Sebentar lagi, tepatnya pada tanggal 31 Maret, batas waktu Surat Pemberitahuan Tahunan (atau SPT) akan memasuki masa tenggat waktu. Artinya, sebelum tanggal yang sudah ditetapkan tersebut, seluruh Wajib Pajak perorangan harus menyertakan laporan perhitungan dan pembayaran pajak kepada negara.
Nah, apakah sebagai umat Buddha, kita sudah siap? Atau jangan-jangan masih ada yang belum membuat laporan SPT? Atau lebih parah lagi, sengaja mengisi laporan dengan tidak benar. Nah, melalui artikel ini saya ingin mengajak pembaca untuk menilik pandangan Buddhis terhadap pembayaran pajak.
Dalam Dasa Kusala Kamma atau Sepuluh Perbuatan Baik yang disampaikan oleh Guru Agung Buddha; Berdana atau bermurah hati berada pada urutan pertama. Sila atau berperilaku baik pada urutan kedua. Sedangkan Bhavana, mengembangkan batin pada urutan ketiga. Demikian seterusnya.
Hyang Buddha menganjurkan agar seseorang tidak melupakan tempat kelahirannya, tempat ia dibesarkan, dan juga tempat ia memperoleh keberhasilan.
"Seorang Bodhisattva akan selalu ingat untuk membalas empat Budi Besar, yaitu: Budi Orang Tua dan Guru, Negara , Bangsa, serta Triratna.(Mahayana Mulajata-hrdayabhumi-dhyana Sutra, Katalog nanjio,955).
Perlu dipahami, pajak adalah iuran kepada negara oleh wajib pajak. Hal ini berdasarkan undang-undang yang sudah tertera.
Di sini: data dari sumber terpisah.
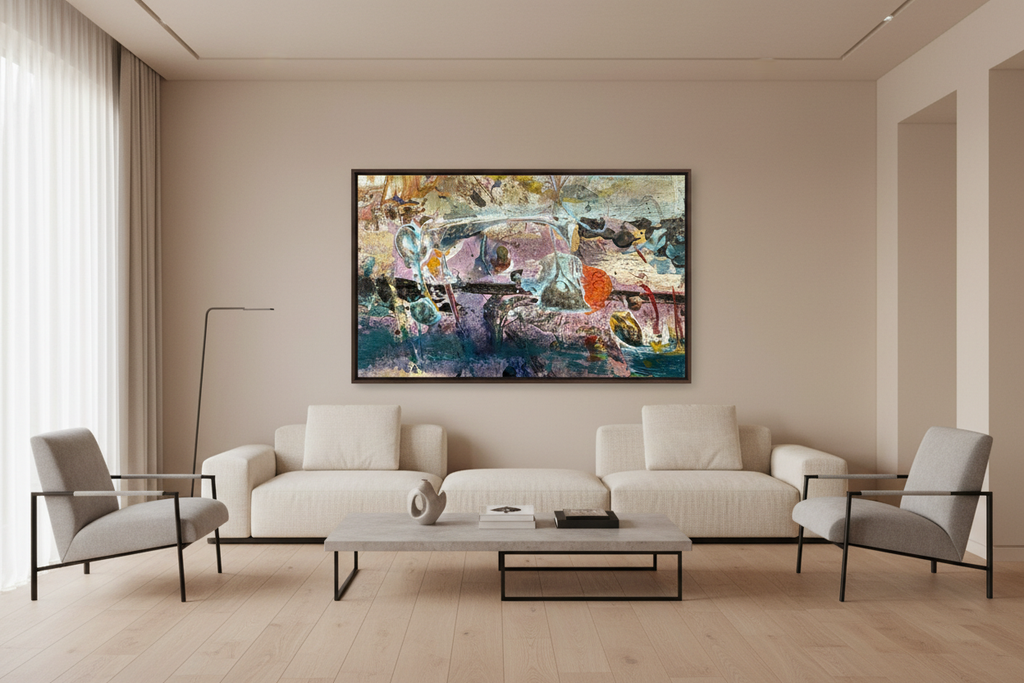 One Conflict Day 4 landscape canvas print with dark blue band at the bottom, displayed in a contemporary room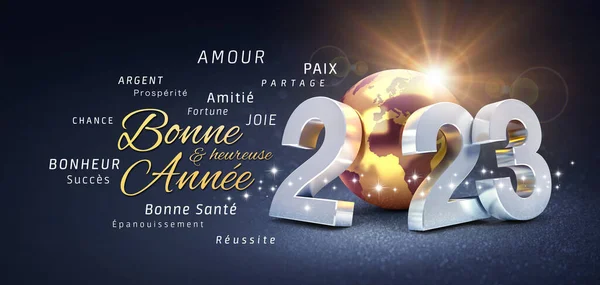 2023 New Year date number, composed with a gold colored planet earth, greetings and best wishes in French language, on a festive black background - 3D illustration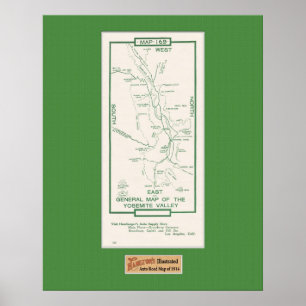 Affiche Carte 1914 de vallée de Yosemite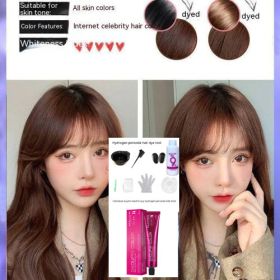 Ammonia-free Hair Color Paste Monochrome Paste Cover White Hair Multi-segment Color One-step Black Tea Gray Blue Black Hair Dye (Option: 5ro77 Brown-With tools)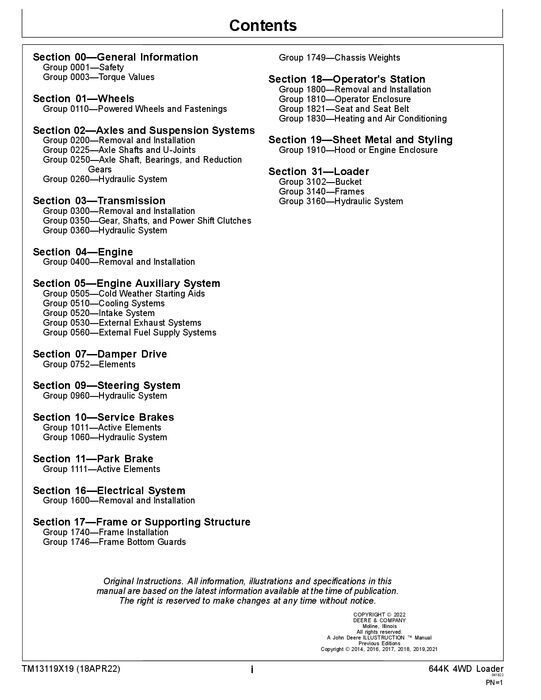 JOHN DEERE 644K LOADER REPAIR SERVICE TECHNICAL MANUAL TM13119X19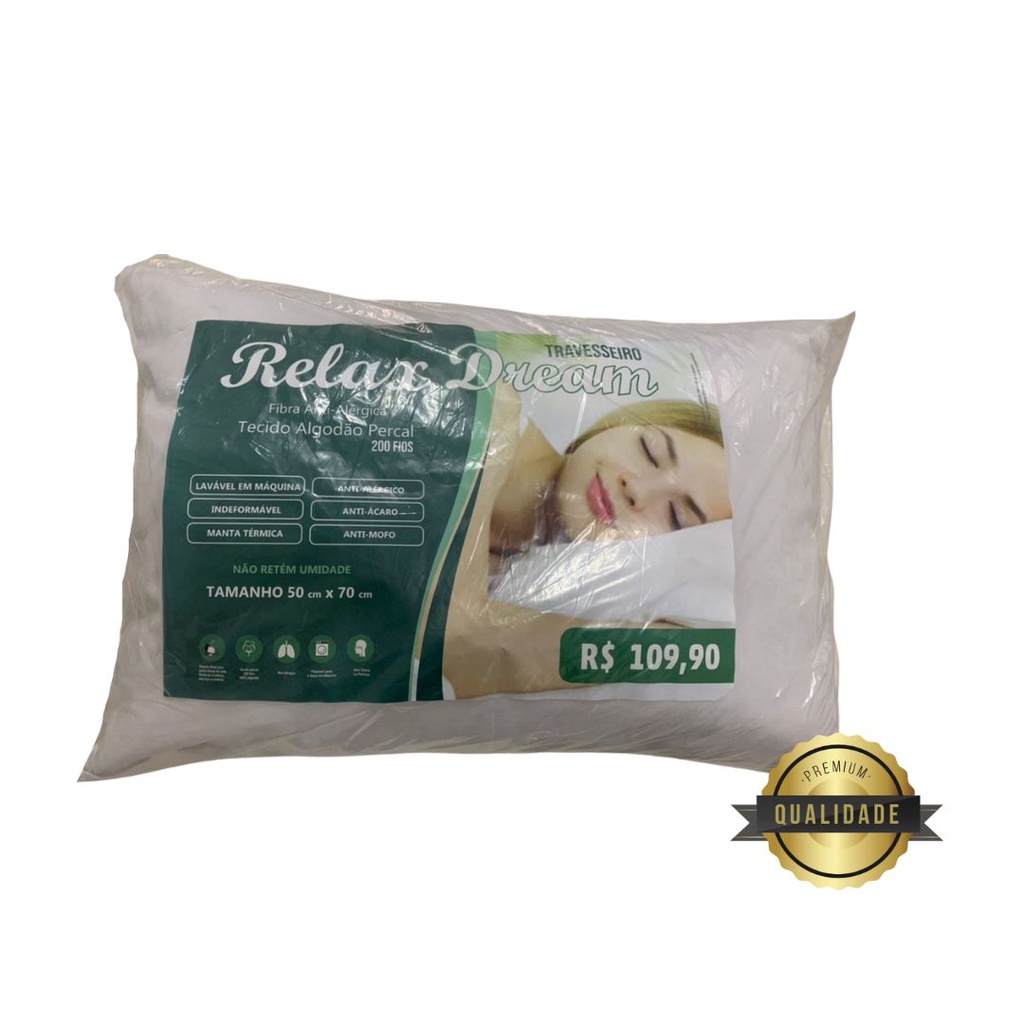 Travesseiro Confortável Anti-Alérgico Anti Stress Macio Cheio 70cm x 50cm 200 Fios Percal Qualidade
Sedangkan fungsi pajak adalah untuk membiayai pengeluaran-pengeluaran umum sehubungan dengan tugas untuk menyelenggarakan pemerintahan dan kesejahteraan rakyat.
Dasar hukum Perpajakan terdapat pada pasal 23 ayat 2: "Segala Pajak untuk keperluan Negara berdasarkan Undang-undang."
Pemerintah memungut pajak untuk kesejahteraan rakyatnya sendiri, sebab tujuan negara adalah untuk membuat masyarakat makmur dan sejahtera.
Sebagai Umat Buddha kita patut bersyukur hidup di NKRI yang berlandaskan Pancasila dan kebebasan memeluk agama dan dijamin oleh UUD 1945. Kita sebagai umat Buddha dapat melaksanakan Pujabhakti setiap saat tanpa rasa takut atau diancam oleh siapa pun juga. Karena kondisi negara aman, tertib dan sejahtera.
Terciptanya kondisi aman, tertib, dan sejahtera, terjamin karena rakyat tidak termotivasi untuk berbuat hal-hal di jalur kebenaran. Hidup dengan bercukupan, adil, dan sejahtera. Hal ini senada dengan sabda Hyang Buddha, bahwa: "Suatu Negara/Kerajaan akan aman, tenteram, bebas dari kejahatan jika negara/kerajaan dapat menjamin kebutuhan hidup rakyatnya".